Servomotor

A servo motor is an electric motor that can rotate to a desired angular position and remain stable at that position.

A servo motor can rotate a mechanical component or move an element linearly.

Typical applications that use servo motors are:

• Air conditioning panel damper
• Turning the direction of a radio controlled vehicle.
• Movement of the reading head of a CDROM or DVD reader.
• Automatic movement of the rear view mirror of a car.
• Opening and closing a safe with an electronic lock.

Functioning

To move a servomotor it is necessary to connect it to an electrical power supply and send it an electronic signal that indicates the desired position. Most radio control servomotors have a 3-wire connection cable through which the power supply and the control signal circulate.

Internal composition:

Video on YouTube from a manufacturer, which explains the composition and internal operation of a servo motor

Internally, the servomotor is made up of the following components.

• Electric motor.
• Mechanical reducer.
• Position sensor. It is usually a potentiometer.
• Control circuit.

The motor is the element that produces the movement.

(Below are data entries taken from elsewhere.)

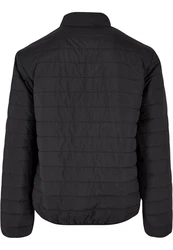 Urban Classics Jacke Anorak Light Bubble Jacket (1-St) Schwarz/Dunkelgrau/Grau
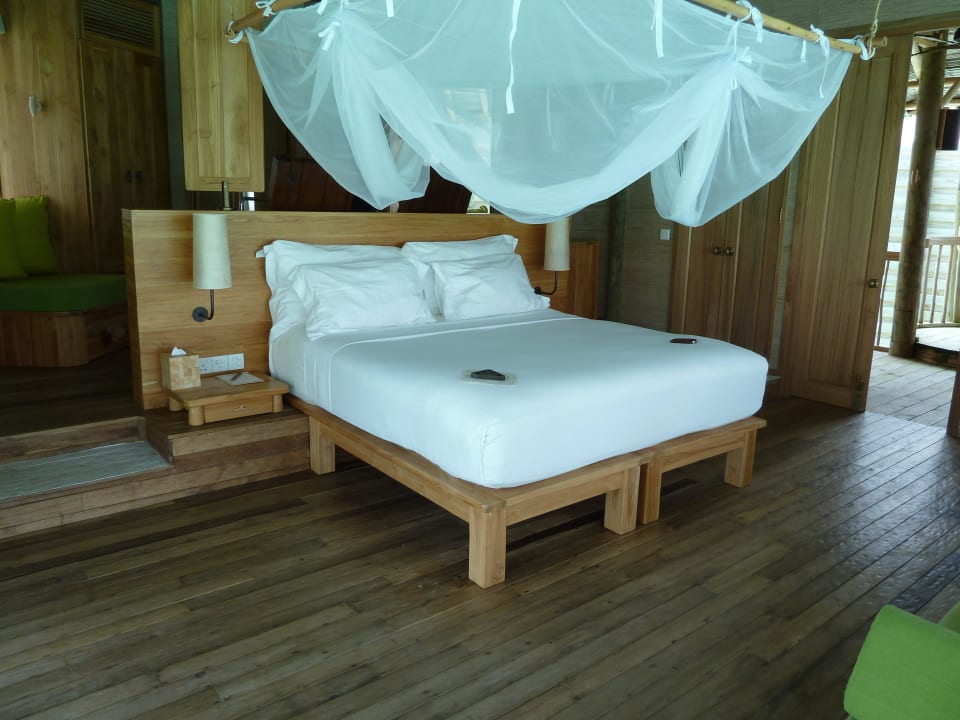 Bett Hotel Six Senses Laamu
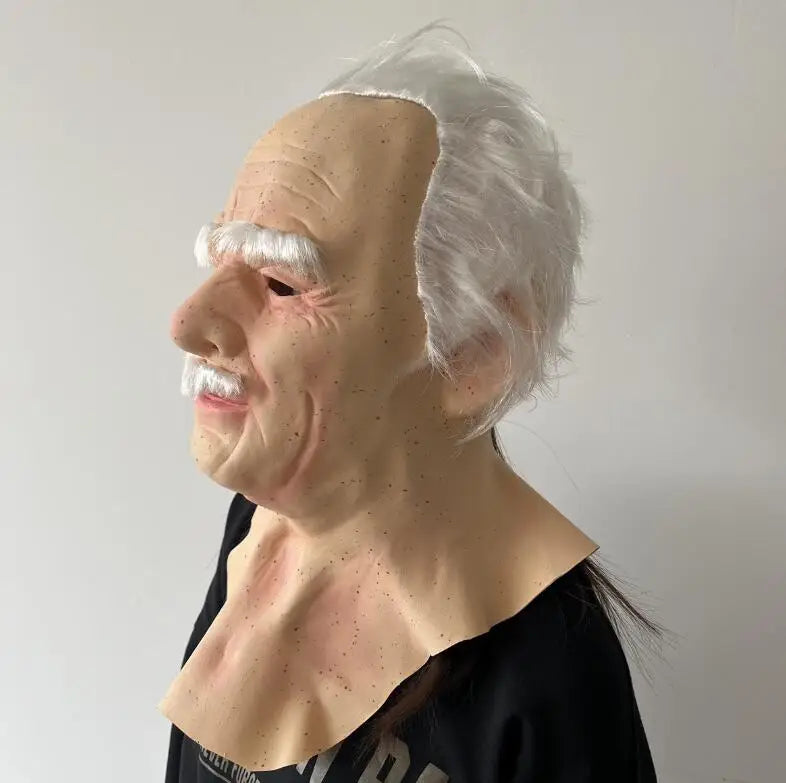 1pcs/lot Halloween Decorations Latex Grandfather Mask Old Man Heargear For Adult Party Cosplay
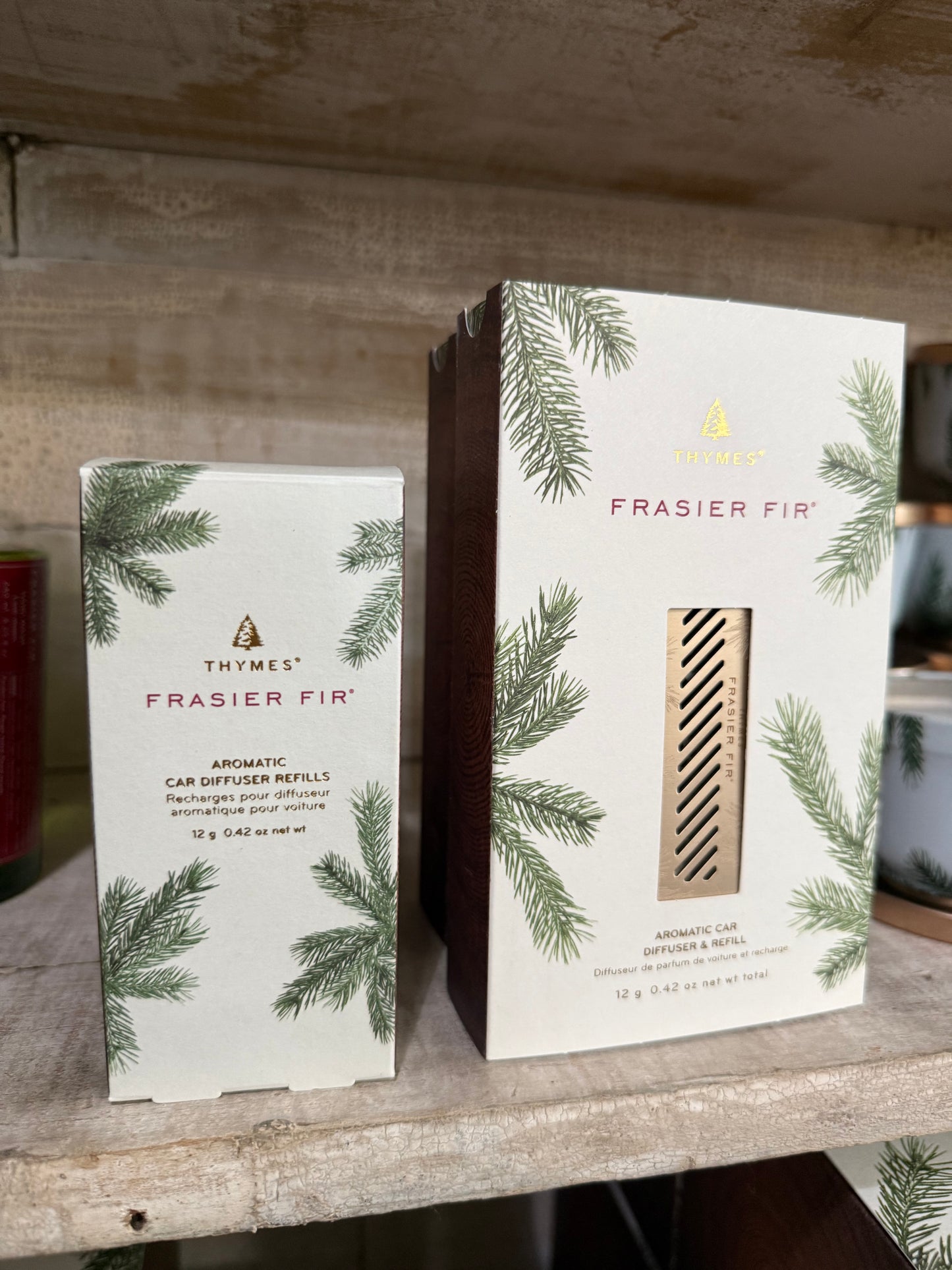 Thymes Frasier Fir Car Diffuser Kit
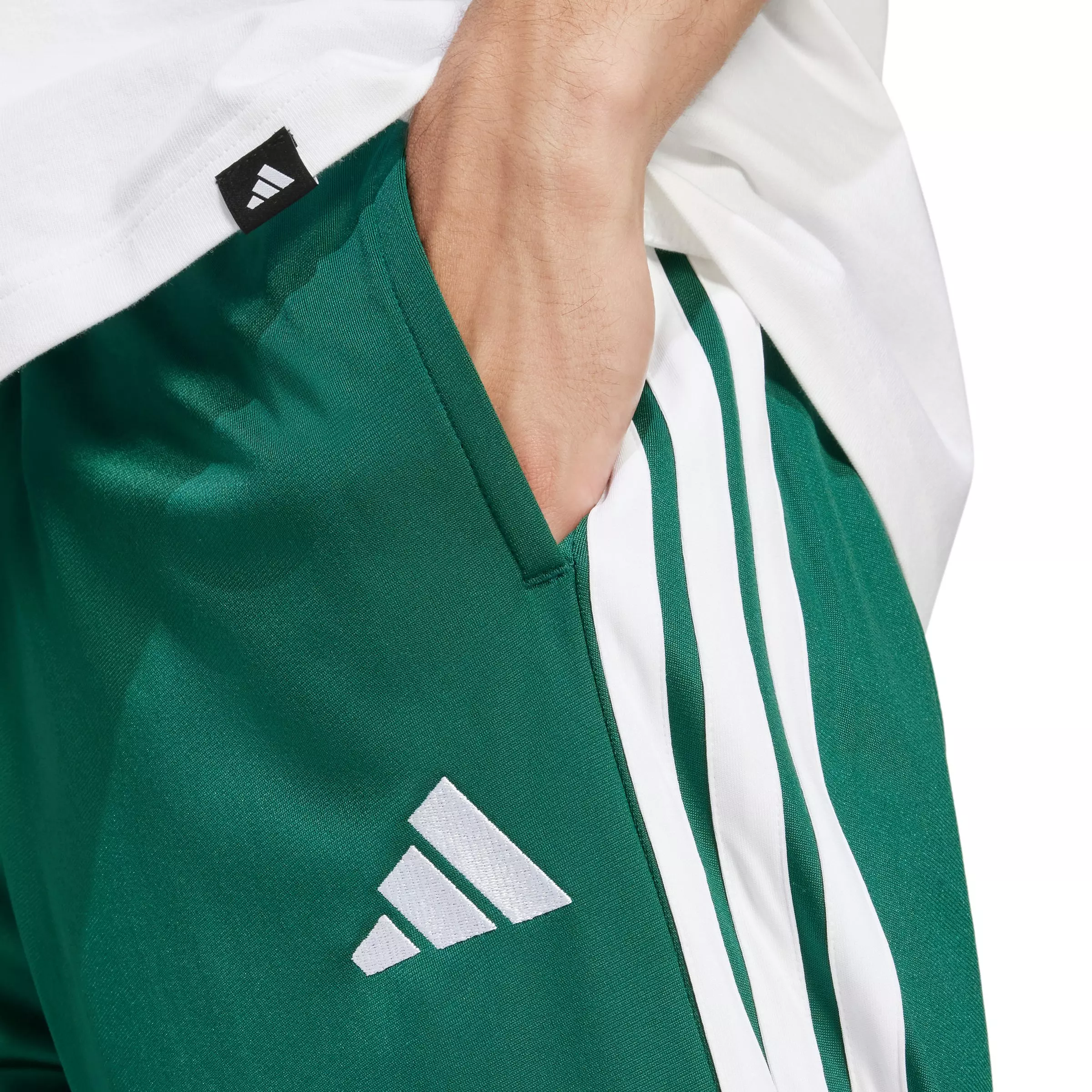 adidas Men's Dayready Open Hem Trackpants - Green - GREEN
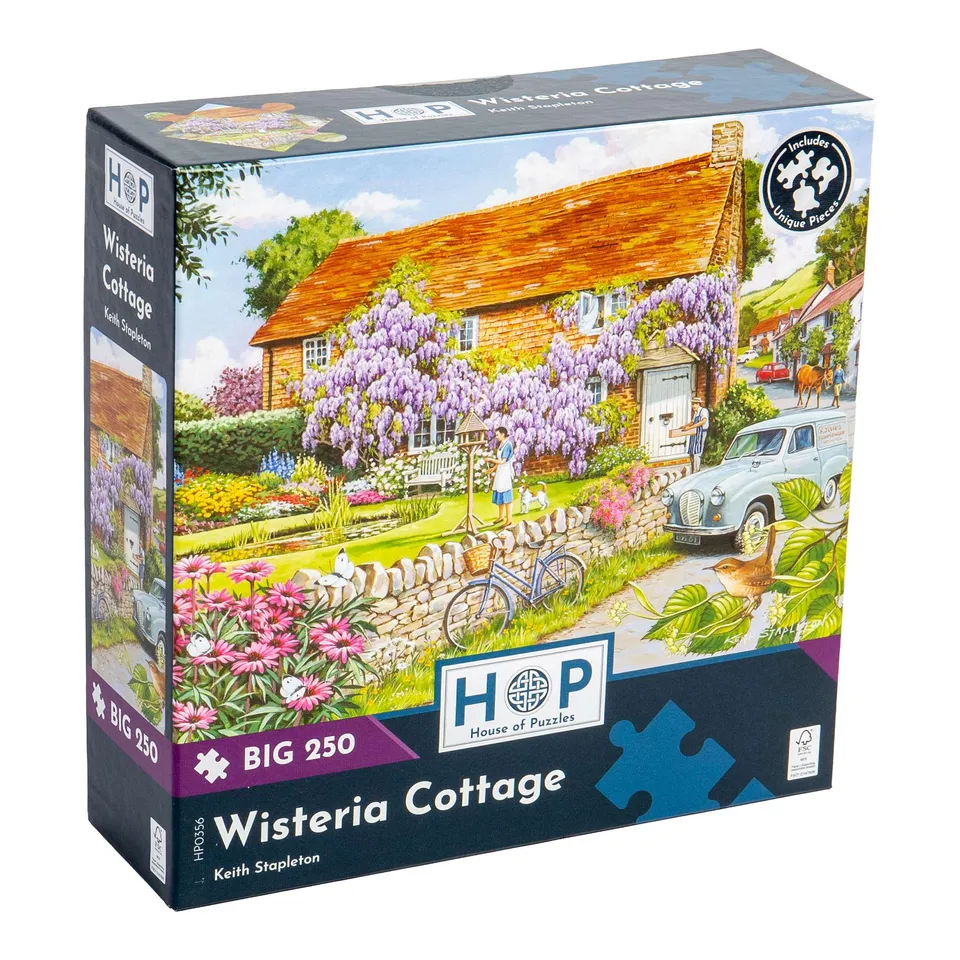house-of-puzzles-wisteria-cottage-puzzle-big-250-jardin image 1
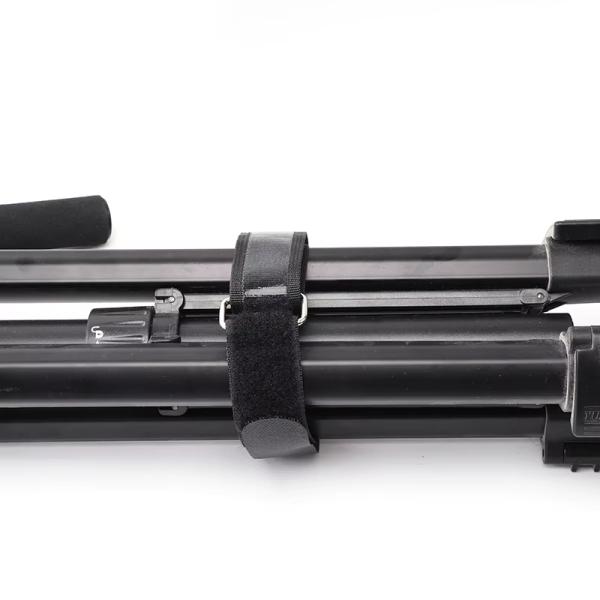 Reusable Hook And Loop Strap Adjustable Hook And Loop Fastening Cable Ties With Metal Buckle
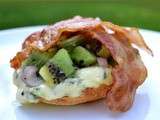 Tartine Kiwi, Bacon et Bleu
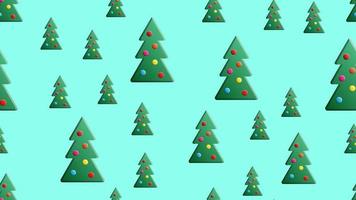 naiv jul vektor sömlös mönster med träd ans snö. xmas enkel textur. jul mönster. jul träd. omslag papper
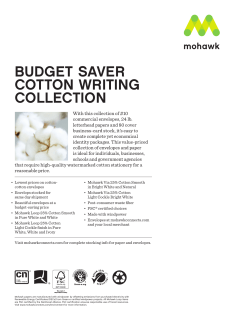budget saver cotton writing collection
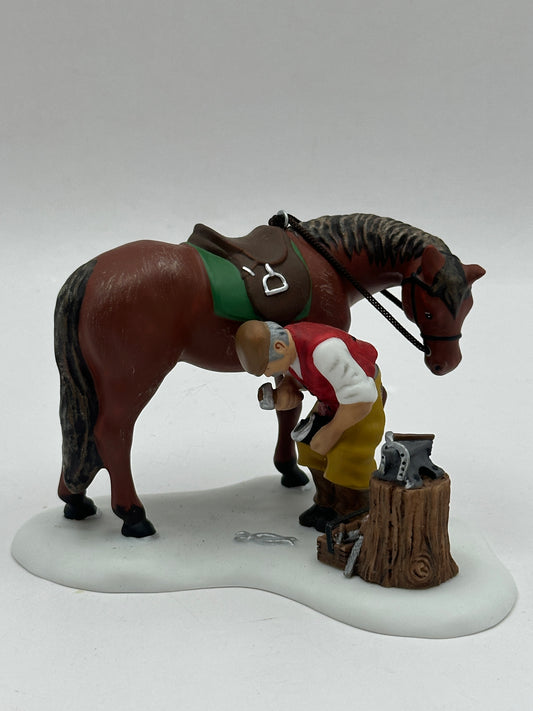 Department 56 - Blacksmith To The Rescue - Dickens' Village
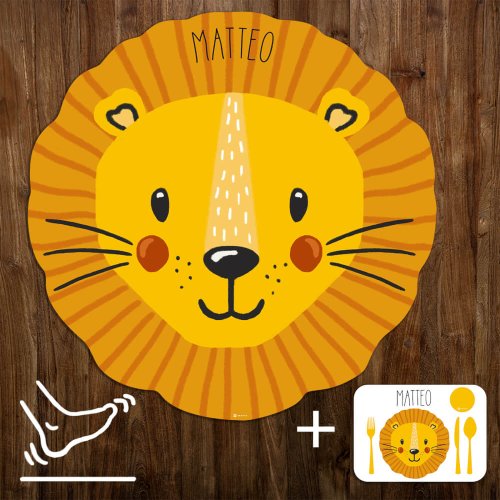 Otroška igralna podloga - rumeni lev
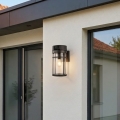 Aplique de pared exterior con cámara GOSMART 1xE27/15W/230V Wi-Fi IP44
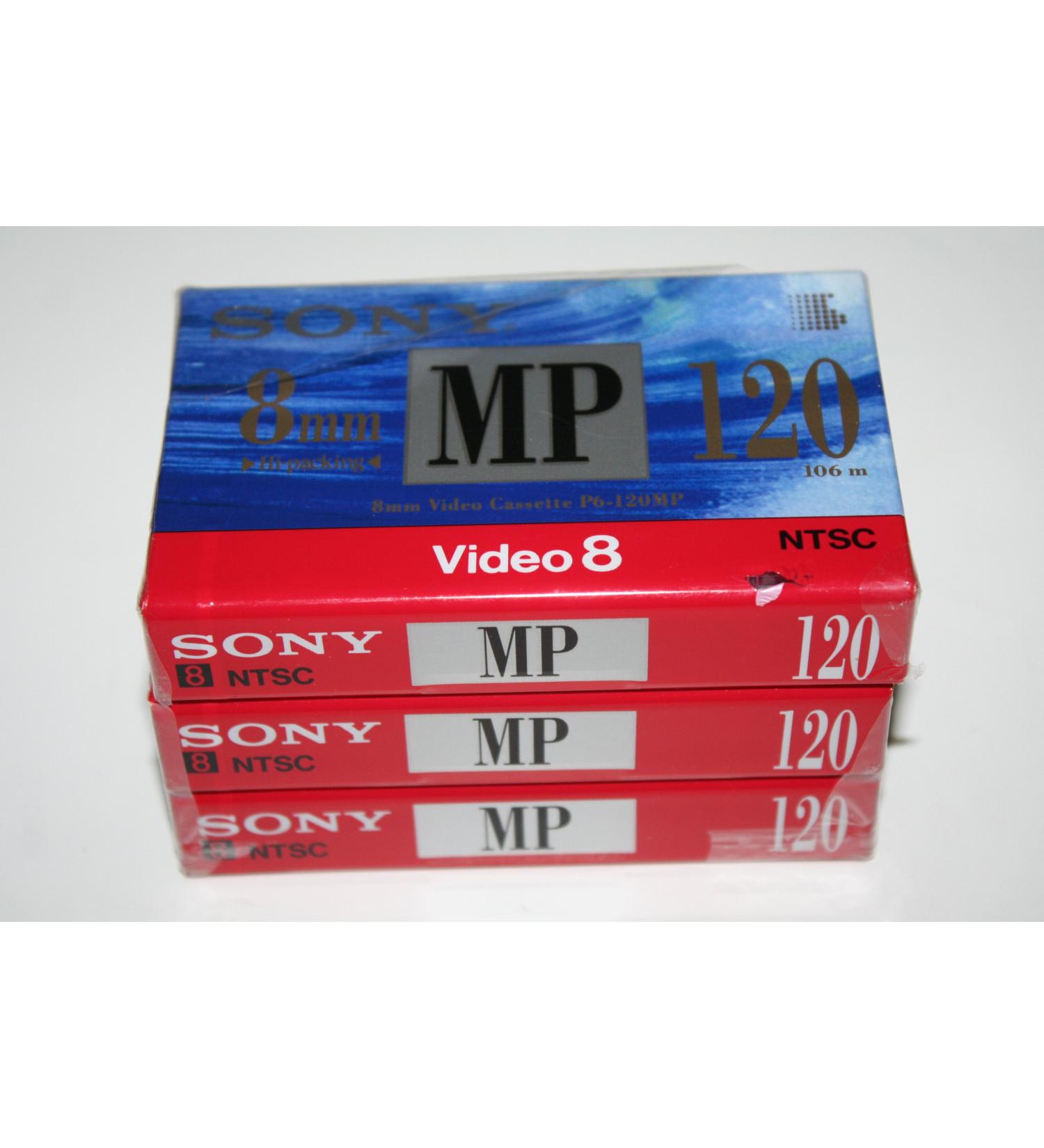 SONY 8mm Video Cassette Tape P6-120MP - 120 Minutes (3 pack)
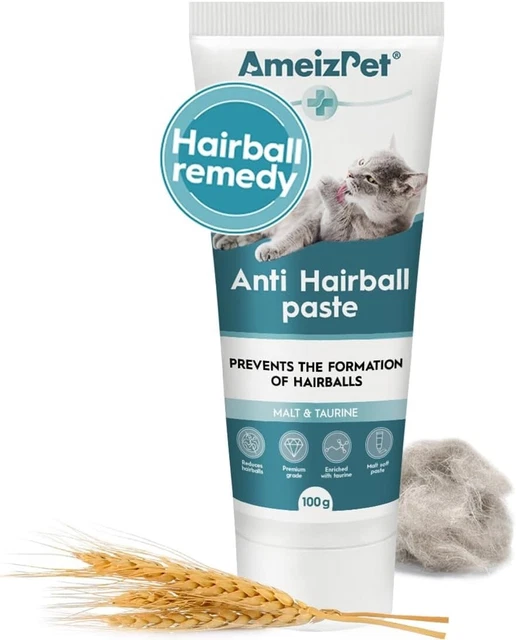 AmeizPet Hairball Remedy for Cats, Anti-Hairball Malt Paste for Pet Fur.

The rotation of electric motors is usually very fast and with little force, the mechanical reducer manages to reduce the rotation speed and increase the force, so that the final rotation is more useful.

The position sensor allows knowing the exact position of the axis of rotation of the servomotor. With the sensor, the position of the axis can be corrected so that at all times it is in the desired position.

The control circuit receives the desired position signal via the cable and compares it with the actual position of the axis, measured by the sensor. This circuit is responsible for moving the motor to take the axis to the desired position and keep it in that position. Sometimes the servo motor shaft seems to shake. This is due to the control circuit that continuously corrects the position with clockwise and counterclockwise rotations to keep the final position stable.

Specifications

There are many types of servo motors. As an example, the specifications of a small Tower Pro 9g servo motor are shown.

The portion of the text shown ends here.